MRC Remembers Media's 'Rewriting Ronald Reagan' With Special Report

January 31st, 2011 2:45 PM

As the nation prepares to pay tribute to former President Ronald Reagan on the 100th anniversary of his birth on February 6, it is amazing to consider that his success at turning the U.S. away from 1960s-style liberalism was accomplished in the face of a daily wave of news media hostility. The media’s first draft of history was more myth than reality: that Reagan only brought the nation poverty, ignorance, bankruptcy, and a dangerously imbalanced foreign and defense policy.

The Media Research Center has assembled a report documenting the “objective” national media’s most biased takes on President Reagan, his record and his times. It's now posted at MRC.org (complete with PDF), including 22 video clips and matching MP3 audio:

I. Reagan the Man: Reporters often agonized over why the American public liked Reagan, that they couldn’t see through the White House spell and see Reagan in the contemptuous light that the media did.

II. The Reaganomics Recovery: Reagan’s policies caused a dramatic economic turn-around from high inflation and unemployment to steady growth, but the good news was obscured by bad news of trade deficits, greedy excesses of the rich, and supposedly booming homelessness.

III. Reagan and National Defense: Ronald Reagan may have won the Cold War, but to the media, the Reagan defense buildup seemed like a plot designed to deny government aid to the poor and hungry, and was somehow the only spending responsible for “bankrupting” the country.

IV. Reagan and Race: Using their definition of “civil rights” — anything which adds government-mandated advantages for racial minorities is “civil rights” progress — liberal journalists suggested that somehow Ronald Reagan was against liberty for minorities.

V. The Reagan Legacy: The media painted the Reagan era as a horrific time of low ethics, class warfare on the poor, and crushing government debt.

EXTRA: Reagan, Slammed by Celebrities. Ronald Reagan’s long Hollywood career earned him no credit among celebrities, who ridiculed him and even inserted anti-Reagan jokes into everyday entertainment programming.

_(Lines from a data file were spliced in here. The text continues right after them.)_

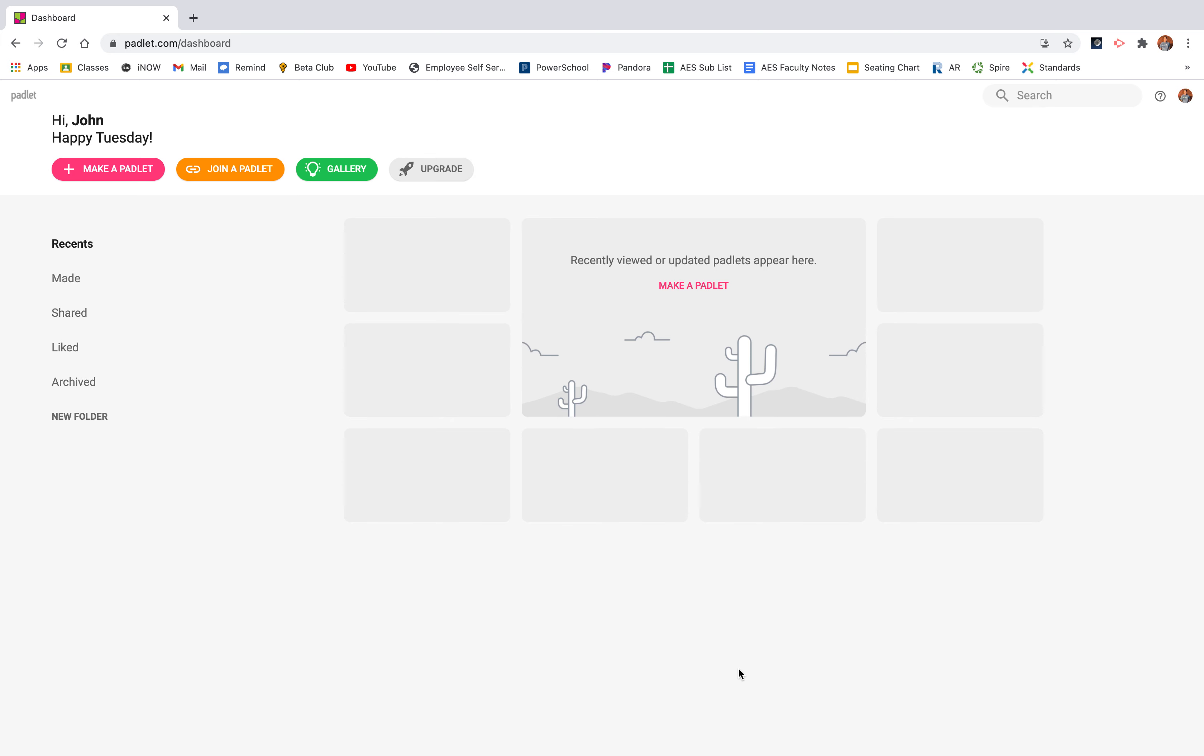Hello everyone, my name is John David Phillips. I'm going to be showing you an awesome application called Padlet.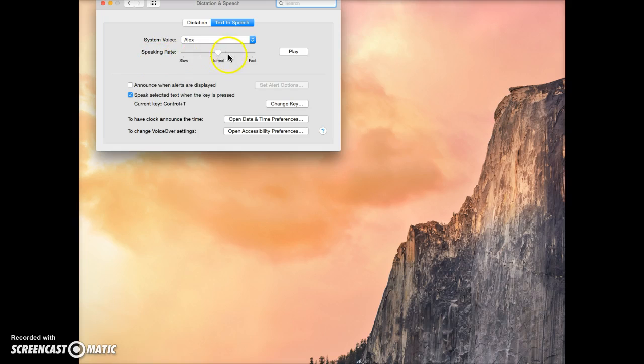You can adjust the speaking rate if you like. And then we're going to make sure that you check this box that says Speak Selected Text when the key is pressed.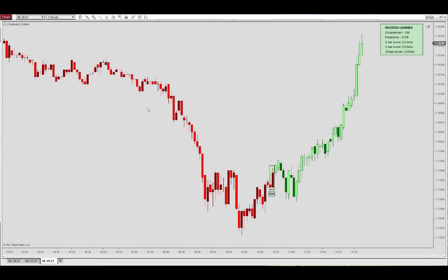You see how it was quite good at determining the end of the trend here. So it could be used, as I mentioned, to identify exit scenarios, as well as a potential long position.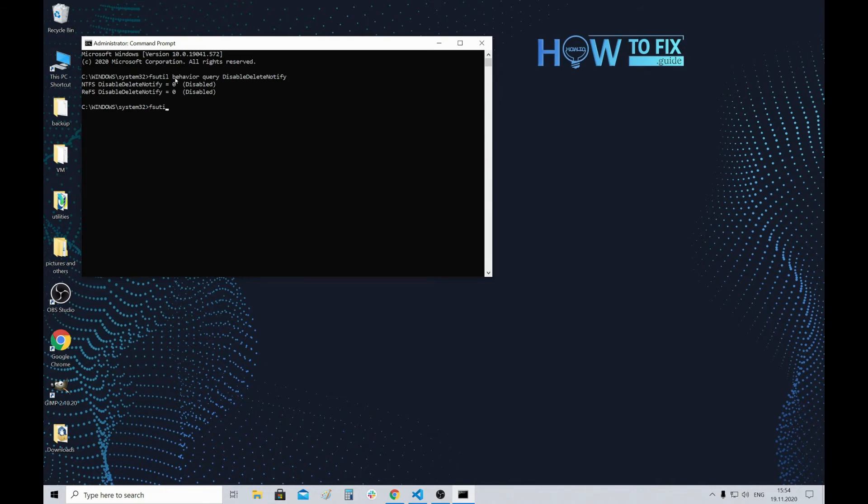fsutil behavior set DisableDeleteNotify 1.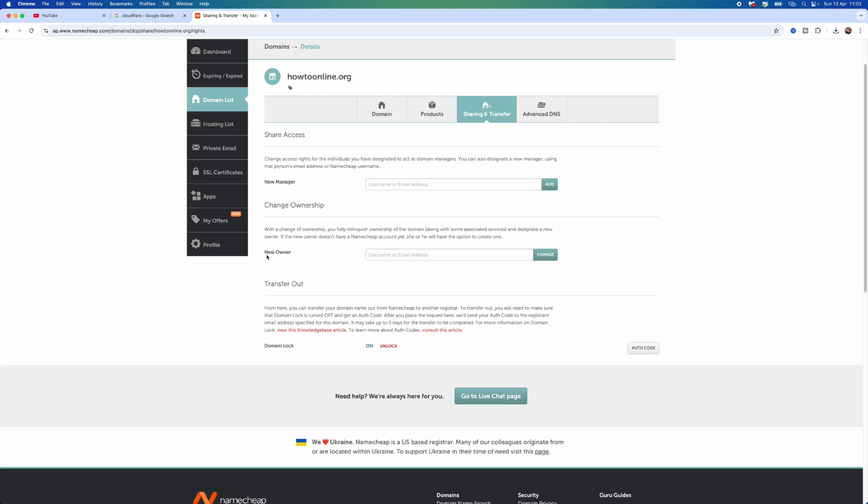If you go down to where it says New Owner, you now want to enter in the username or the email address of that specific person. Once you enter in the email address of the person that you are transferring your domain ownership to, you then want to click on Change.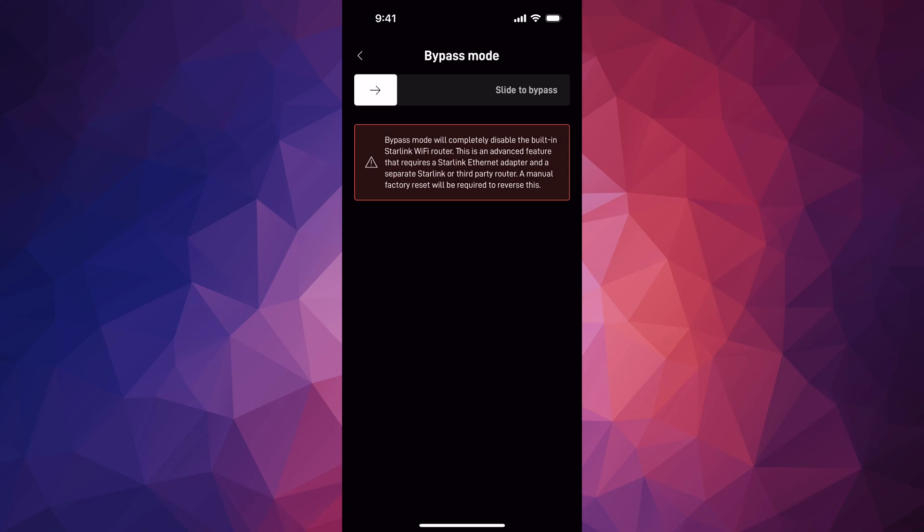And as I mentioned, a manual factory reset will be required to reverse this. So you can't just go back on this and just turn it off. Once you bypass, you bypass.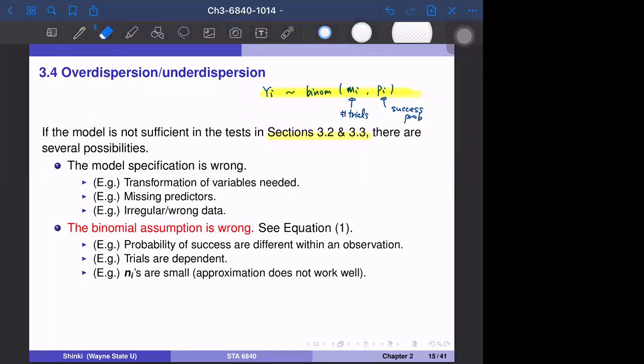Hi everyone. So we discussed section 3.4. Sections 3.4 to 3.6 discuss the extension and some modifications of the binary models — binomial models. In sections 3.2 and 3.3, we introduced several tests, and sometimes our model is rejected. So if the model is not sufficient in the tests in sections 3.2 to 3.3, there are several possibilities.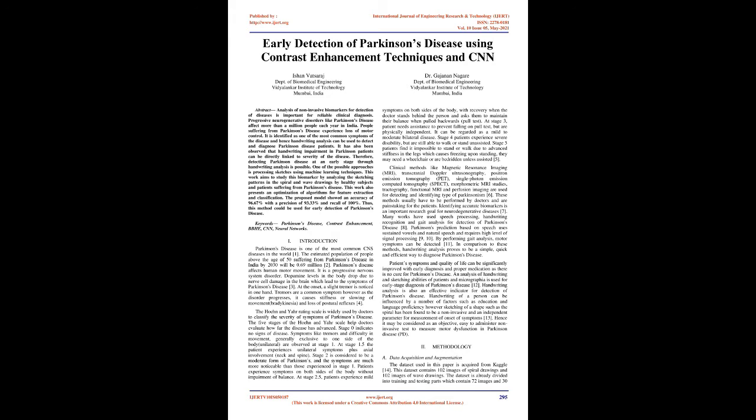At the onset, a slight tremor is noticed in one hand. Tremors are a common symptom; however, as the disorder progresses, it causes stiffness or slowing of movement, bradykinesia, and loss of postural reflexes. The Hoehn and Yahr Rating Scale is widely used by doctors to classify the severity of symptoms of Parkinson's disease. The five stages of the Hoehn and Yahr scale help doctors evaluate how far the disease has advanced. Stage 0 indicates no signs of disease. Symptoms like tremors and difficulty in movement, generally exclusive to one side of the body, unilateral, are observed at stage 1. At stage 1.5, the patient experiences unilateral symptoms plus axial involvement—neck and spine. Stage 2 is considered to be a moderate form of Parkinson's, and the symptoms are much more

Our introduction contemplates Reagan's amazing record:

As America marks the 100th anniversary of Ronald Reagan’s birth, stories abound of the man and the President — his leadership and vision, his humanity and optimism, his deep love of country and belief in the power of freedom. But any measure of his accomplishments has to begin by noting his unique placement in history as a firmly conservative president arriving at the end of an era dominated by liberalism — in both parties. Everything he accomplished he did by the force of his personality and words, aiming to pick up easily embarrassed moderate Republicans as well as conservative Democrats. Everything he changed he managed to do against a daily wave of news media hostility to his agenda.

Think of everything Reagan did, and then add: He did it all before Fox News. He did it all before the Rush Limbaugh phenomenon. He did it all before the instant battle cry of his defenders could hit the Internet. He did it all before C-SPAN caught on and people could enjoy the game of watching entire speeches and debates and then observing how the network tricksters discombobulated them into liberal hatchet jobs. He did it all when the only conservative regular on the big networks was ABC’s George Will, who appeared once weekly as a panelist on This Week with David Brinkley.

In the prologue to his book on Reagan, Dinesh D’Souza captured the flavor of how Reagan was greeted by the Washington establishment. Everything Reagan sought to accomplish seemed ludicrous and uneducated to the long-standing liberal consensus. Tax cuts would be wildly inflationary. A foreign policy based on the radical notion that Communism should be put on the ash heap of history was dismissed as a bellicose fantasy too dangerous for the nuclear age. At the end of it all, Reagan was the wise man, and all his detractors — Democrats and ersatz Republicans, political scientists and economists, “Sovietologists” and journalists — were the dummies.